Thank you Mike for your work so far to identify the root cause of this problem. It looks like valgrind is a very powerful tool. Do you have a good link to a tutorial so that I could learn valgrind? Regarding catching individual commits that do not compile on all distributions, I agree that this is a good goal. However it might prove to be difficult to achieve. In order to do so we would have to test each commit on each distribution. We can try our best, but with the labour intensive nature of this goal I do not think we will be able to catch all occurrences. Having said that, it is a worthy goal to strive for. Phillip, I'm just beginning to test your patch in comment #20. When trying to compile I get the following message: Copy_Blocks.cc: In function ‘gboolean GParted::_set_progress_info(gpointer)’: Copy_Blocks.cc:60:6: error: ‘bool GParted::copy_blocks::set_progress_info()’ is private Copy_Blocks.cc:100:31: error: within this context make[2]: *** [Copy_Blocks.o] Error 1 make[2]: Leaving directory `/home/gedakc/workspace/gparted.dev2/src' make[1]: *** [all-recursive] Error 1 make[1]: Leaving directory `/home/gedakc/workspace/gparted.dev2' make: *** [all] Error 2 To work around this I made copy_blocks::set_progress_info() into a public method in include/Copy_Blocks.h.
Valgrind: Nice introduction article "Using Valgrind to Find Memory Leaks and Invalid Memory Use" http://www.cprogramming.com/debugging/valgrind.html On Valgrind's home page they have Quick Start and User Manual documents http://valgrind.org/
My testing of the patch in comment #20 has resulted in a crash. Unfortunately I had not run "ulimit -c unlimited" beforehand so there is no core dump file in the working directory. I will rerun and attempt to get a stack trace.
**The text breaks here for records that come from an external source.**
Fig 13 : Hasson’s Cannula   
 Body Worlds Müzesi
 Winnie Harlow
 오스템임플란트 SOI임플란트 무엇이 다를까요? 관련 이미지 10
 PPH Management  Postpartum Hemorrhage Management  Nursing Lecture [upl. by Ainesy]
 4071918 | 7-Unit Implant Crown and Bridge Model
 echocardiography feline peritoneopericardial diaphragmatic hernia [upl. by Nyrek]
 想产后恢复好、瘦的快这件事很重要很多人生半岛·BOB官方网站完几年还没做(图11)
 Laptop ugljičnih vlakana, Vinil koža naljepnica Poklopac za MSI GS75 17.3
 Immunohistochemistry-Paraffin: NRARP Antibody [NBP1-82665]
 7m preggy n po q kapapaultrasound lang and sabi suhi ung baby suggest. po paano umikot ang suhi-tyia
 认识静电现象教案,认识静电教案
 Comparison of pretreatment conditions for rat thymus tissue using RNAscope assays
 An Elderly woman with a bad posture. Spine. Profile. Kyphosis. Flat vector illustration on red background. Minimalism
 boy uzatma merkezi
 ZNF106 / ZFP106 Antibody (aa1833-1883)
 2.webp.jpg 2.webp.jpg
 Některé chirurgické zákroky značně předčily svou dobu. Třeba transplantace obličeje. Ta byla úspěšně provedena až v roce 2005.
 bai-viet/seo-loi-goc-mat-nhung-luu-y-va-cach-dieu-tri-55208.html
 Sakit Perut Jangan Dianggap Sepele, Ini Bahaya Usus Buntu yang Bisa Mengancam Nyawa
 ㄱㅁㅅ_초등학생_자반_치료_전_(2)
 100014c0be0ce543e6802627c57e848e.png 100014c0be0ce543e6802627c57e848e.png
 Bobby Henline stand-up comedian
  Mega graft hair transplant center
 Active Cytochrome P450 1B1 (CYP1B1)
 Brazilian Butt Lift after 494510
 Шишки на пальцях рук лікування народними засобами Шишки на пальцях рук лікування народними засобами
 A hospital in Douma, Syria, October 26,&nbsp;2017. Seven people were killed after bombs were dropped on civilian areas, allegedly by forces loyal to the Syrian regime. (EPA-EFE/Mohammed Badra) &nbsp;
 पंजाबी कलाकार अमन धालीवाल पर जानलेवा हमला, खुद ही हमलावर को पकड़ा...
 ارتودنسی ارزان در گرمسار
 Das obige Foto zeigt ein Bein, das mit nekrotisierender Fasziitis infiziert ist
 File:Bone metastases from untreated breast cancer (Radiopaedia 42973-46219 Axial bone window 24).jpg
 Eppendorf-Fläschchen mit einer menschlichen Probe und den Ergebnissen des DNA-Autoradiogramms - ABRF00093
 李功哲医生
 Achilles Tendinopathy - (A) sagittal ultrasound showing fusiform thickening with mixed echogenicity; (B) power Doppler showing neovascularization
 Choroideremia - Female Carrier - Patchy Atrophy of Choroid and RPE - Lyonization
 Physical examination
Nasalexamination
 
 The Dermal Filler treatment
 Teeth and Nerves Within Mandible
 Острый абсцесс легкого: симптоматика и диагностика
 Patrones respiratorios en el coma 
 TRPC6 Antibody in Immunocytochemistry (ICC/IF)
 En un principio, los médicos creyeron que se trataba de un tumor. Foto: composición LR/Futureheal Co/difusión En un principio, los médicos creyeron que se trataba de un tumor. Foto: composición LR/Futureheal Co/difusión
Ignore comment #23. I think I might have been testing the wrong gpartedbin.
I have now successfully run 20 tests of moving a 10238 MiB ext4 partition by 1 MiB to the left/right using code based on the patch in comment #20. As such the patch shows great promise. I have also run the code through valgrind and did not discover any references to copy_blocks in the output. The valgrind command I used was: sudo valgrind --track-origins=yes --log-file=gparted-valgrind.log src/gpartedbin Mike, would you be able to test with valgrind to confirm if the problem you discovered is now gone? Phillip, would you be able to enhance the patch to be a git patch including comments?
Curtis and Phillip, If one of you can upload a working patch I'll repeat my testing on Debian 6 with and without valgrind.
Created attachment 241648 [details] [review] Patch v2 to fix segfault / bad-glibmm Attached is the git diff of the fix I have been testing for GParted 0.15.0. It should also work with the git head too. The diff file was generated with: git diff > bug697727-segfault-fix.diff To apply the patch, change into the top level of the gparted directory where the README file is and use the command: patch -p1 < bug697727-segfault-fix.diff
Created attachment 241652 [details] [review] 0001-Avoid-glibmm-GSource-bug-crash-697727.patch I converted it to a proper git patch with log.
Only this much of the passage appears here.